◆ **Data extract**
--

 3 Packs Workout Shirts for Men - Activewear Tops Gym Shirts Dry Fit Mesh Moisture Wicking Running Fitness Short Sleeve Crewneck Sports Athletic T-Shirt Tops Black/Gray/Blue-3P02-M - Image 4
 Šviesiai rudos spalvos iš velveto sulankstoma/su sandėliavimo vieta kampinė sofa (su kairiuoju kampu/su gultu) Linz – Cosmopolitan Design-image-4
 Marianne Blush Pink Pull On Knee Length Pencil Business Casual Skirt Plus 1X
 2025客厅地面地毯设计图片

--

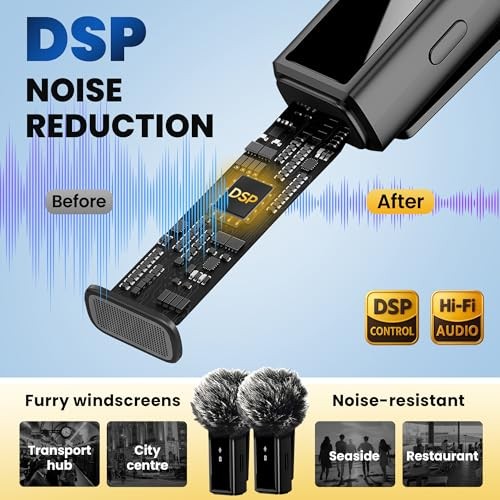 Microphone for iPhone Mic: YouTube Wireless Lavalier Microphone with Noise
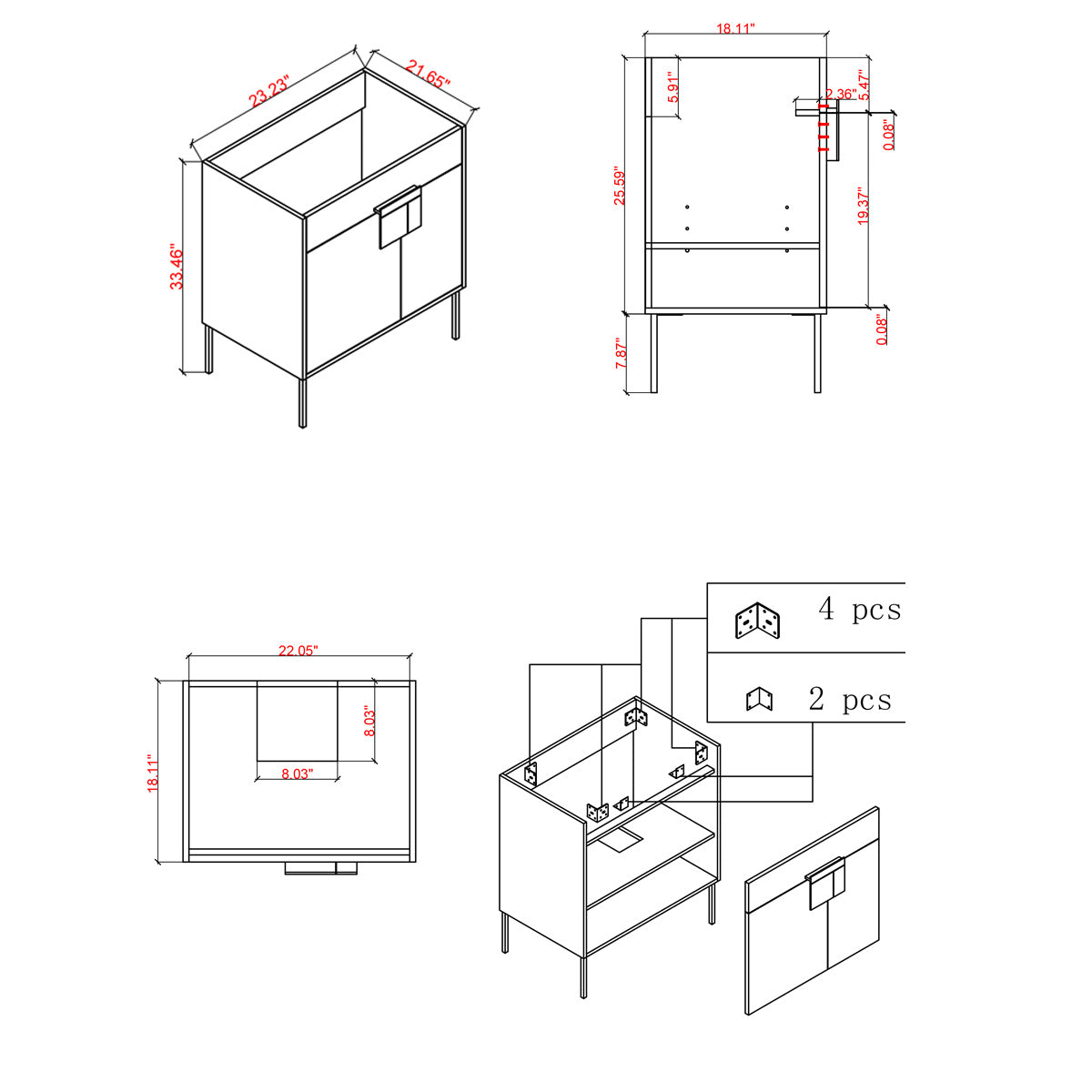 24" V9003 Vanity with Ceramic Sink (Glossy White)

--

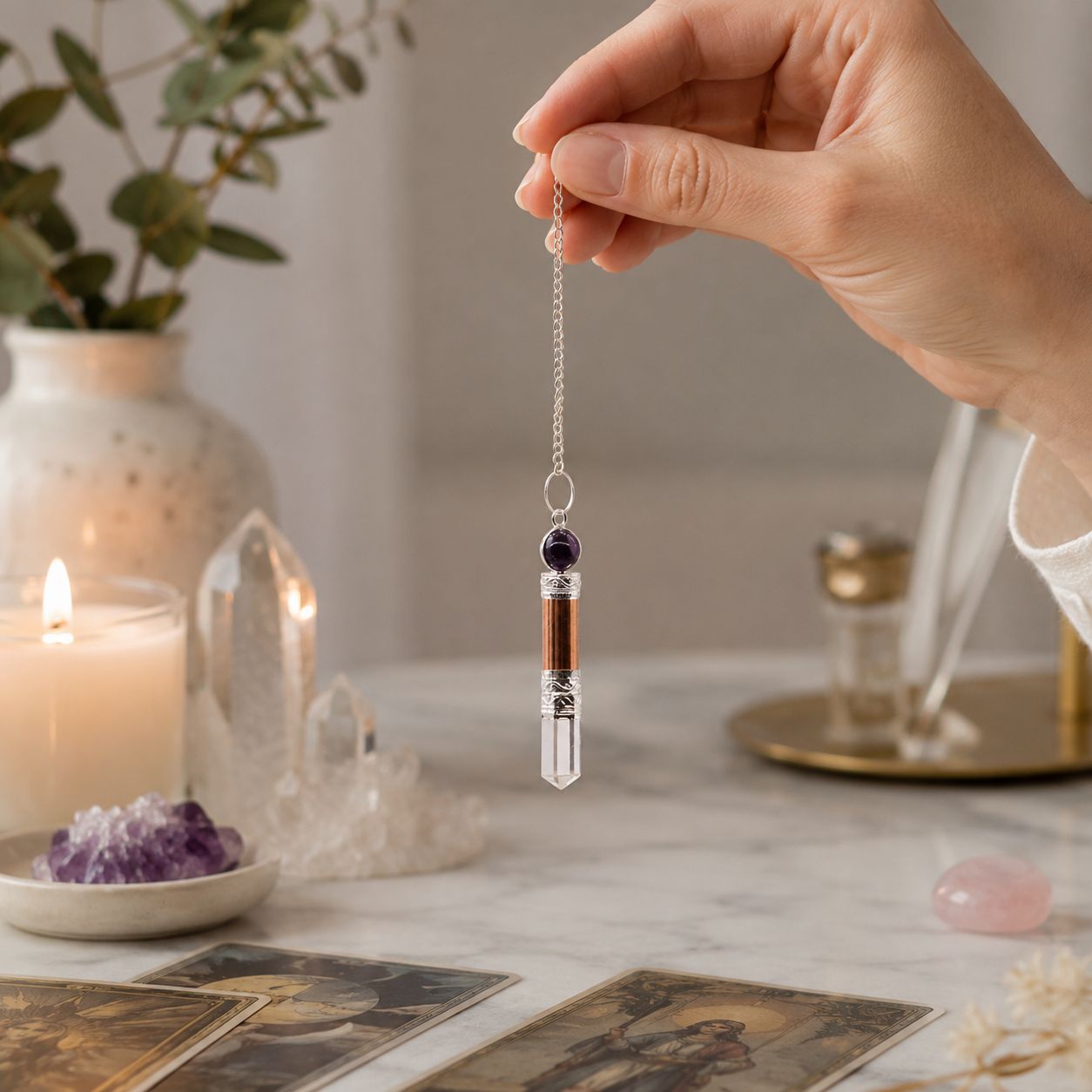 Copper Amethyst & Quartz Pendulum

--

The response should be the listing above, limited to the lines between the one holding "3 Packs Workout" and the one holding "2025客厅地面地毯设计图片", inclusive, reproduced exactly.

 3 Packs Workout Shirts for Men - Activewear Tops Gym Shirts Dry Fit Mesh Moisture Wicking Running Fitness Short Sleeve Crewneck Sports Athletic T-Shirt Tops Black/Gray/Blue-3P02-M - Image 4
 Šviesiai rudos spalvos iš velveto sulankstoma/su sandėliavimo vieta kampinė sofa (su kairiuoju kampu/su gultu) Linz – Cosmopolitan Design-image-4
 Marianne Blush Pink Pull On Knee Length Pencil Business Casual Skirt Plus 1X
 2025客厅地面地毯设计图片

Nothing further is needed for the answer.